Every team I've worked with eventually ships a "graceful" fallback path. The intent is honest: when the primary path is unhealthy, route around it, return a cached value, drop a feature, anything to keep the user from seeing a blank page. The implementation is usually small — a few hundred lines, an extra timeout, a circuit breaker.
And then, twelve months later, the fallback is the only path anyone trusts.
The pattern
The slide is always the same. A sharp, easy-to-spot incident in month one — the fallback fires, the team praises itself, the postmortem ships. Then the fallback fires again, this time for a reason no one can immediately explain. It works, so the on-call moves on. Six weeks later it's firing daily. Eight weeks later it's firing during deploys. By month nine the team has built tooling to monitor the fallback, not the primary.
You've now built a second system, with second-class observability, that runs in production more often than the one you intended to ship. Your happy path has withered.
Why it happens
Three forces, all rational:
- The fallback is cheap to extend. It already returns "something". Adding a small caveat is one PR.

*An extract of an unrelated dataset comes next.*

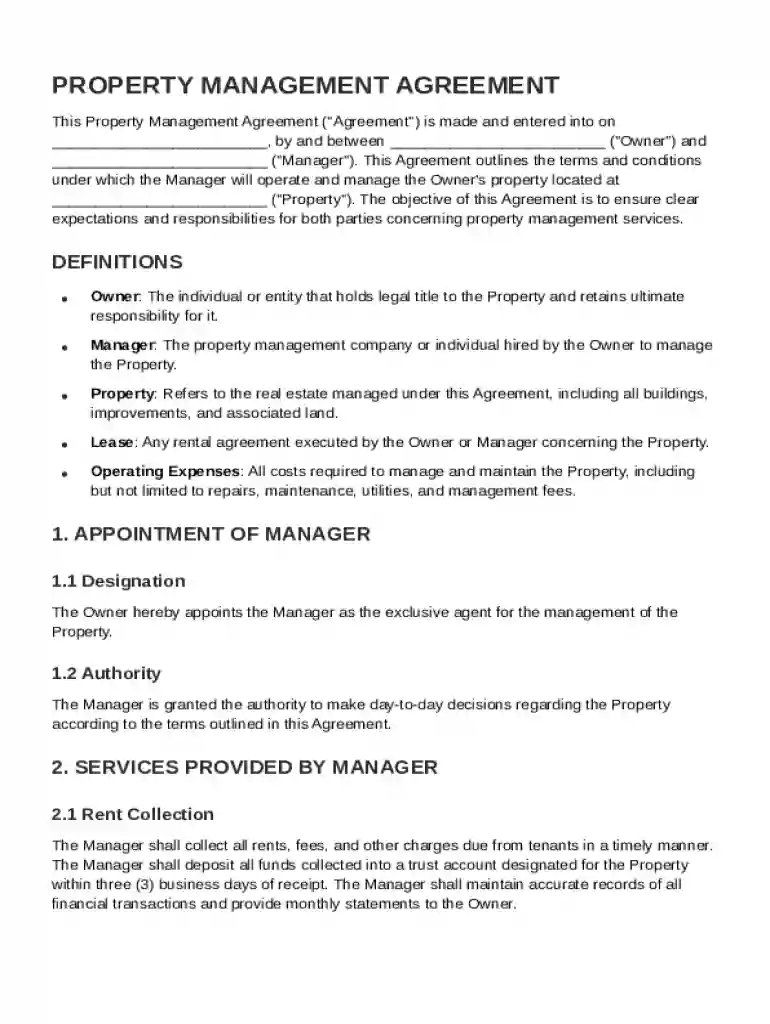 Property Management Agreement Template Preview on Page 1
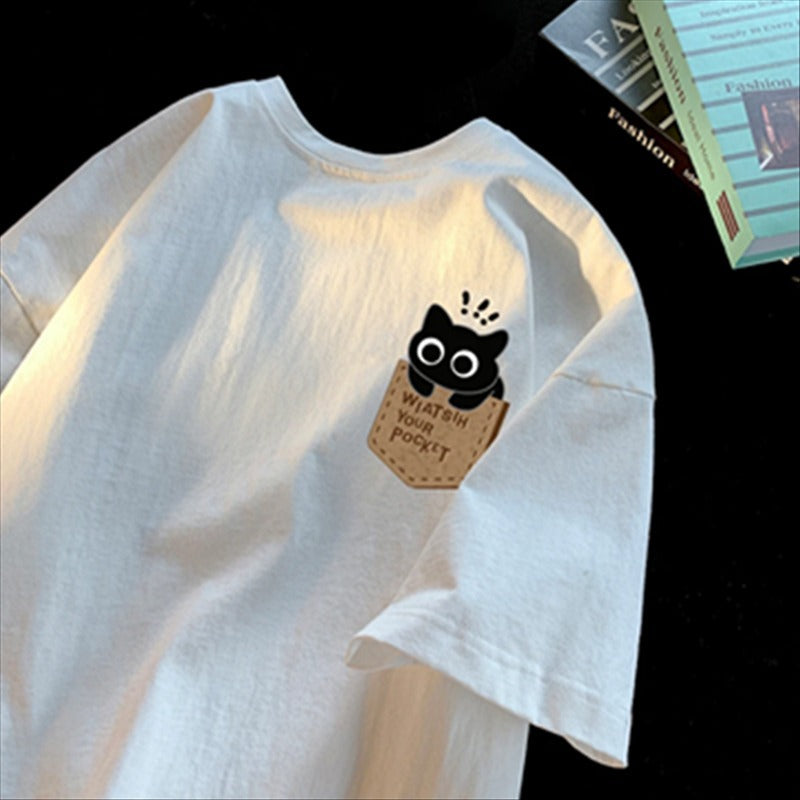 π Printed All-Matching Heavy Cotton T-Shirt β Casual Loose Fit for Teens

- The fallback owns the incident. When it fires, the on-call sees it. The primary path silently doing fine doesn't get a Slack ping.
- The fallback is forgiving. Latency budgets, freshness, consistency — all a notch lower. Engineers naturally prefer the codepath that doesn't punish them.
What I do now
Two architectural choices, made early, that have stopped this for me:
- Treat the fallback as a separate product. Different SLO, different dashboards, different on-call rotation if you can afford it. If it's worth shipping, it's worth owning.
- Alert when the fallback ratio creeps up. Not when it fires — that's noisy. When the rolling 7-day ratio of fallback-served requests exceeds, say, 1%. That's the early warning that the primary is rotting.
"A graceful degradation is a contract with your future self. Read the contract."
None of this is novel. It's just hard to do when the fallback is winning every postmortem.